Whenever we want to describe a neutralisation reaction (that is nothing else than a titration) we first need to find out where protons come from and where they go. Let's examine a simple titration of a monoprotic acid with a monoprotic base:

$$c(\ce{H3O+})=c(\ce{OH-})+c(\ce{A-})-c(\ce{BH+})$$

Protons come from the autoprotolysis of water and the acid residue anions and they will react with the titration base.
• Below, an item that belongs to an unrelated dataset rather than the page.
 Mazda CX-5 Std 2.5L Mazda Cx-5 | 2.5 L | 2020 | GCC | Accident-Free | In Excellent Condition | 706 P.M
Extending the parts of this equation by their $\mathrm{pH}$, $c_0$ and $k_\mathrm a$ containing counterparts, we get:

$$c(\ce{H3O+})=\frac{k_\mathrm w}{c(\ce{H3O+})}+\frac{c_0(\ce{HA})~k_\mathrm a}{k_\mathrm a+c(\ce{H3O+})}-\frac{c_0(\ce{B})~k_\mathrm b~c(\ce{H3O+})}{k_\mathrm w+k_\mathrm b~c(\ce{H3O+})}$$

At the point of inflection, the equivalence point, the amount of both moles need to be equal and the total volume is the addition of previous acidic volume plus the added base volume $V_\mathrm{tot}=V_{\ce{A}}+V_{\ce{B}}$. The ratio of both concentrations $c(\ce{HA})$ and $c(\ce{B})$ is therefor equal to $1$. $$\begin{align} n_{\ce{A}}&=n_{\ce{B}}\\ \Leftrightarrow c_\mathrm A~V_\mathrm a&=c_\mathrm B~V_\mathrm b\\ \xrightarrow{V_\mathrm{tot}=V_\mathrm A+V_\mathrm B} \frac{c_B}{c_A}&=1=\tau~\text{or}~\gamma\end{align}$$

Knowing this, rearranging the second equation to $c_\mathrm A/c_\mathrm B$ gives us:

$$\tau=\frac{c_\mathrm B}{c_\mathrm A}=\left(1+\frac{k_\mathrm w}{k_\mathrm b~c(\ce{H3O+})}\right)\left(\frac{k_\mathrm w}{c(\ce{H3O+})}-c(\ce{H3O+})+\frac{k_\mathrm a}{c(\ce{H3O+})+k_\mathrm a}\right)$$

which we now somehow have to solve for the proton concentration after setting $\tau=1$. As this is rather annoying I did that for the titration of any more or less relevant acids for $\mathrm pK_\mathrm a$ values between $-2$ and $16$, with $\ce{NaOH}$ giving the following graph.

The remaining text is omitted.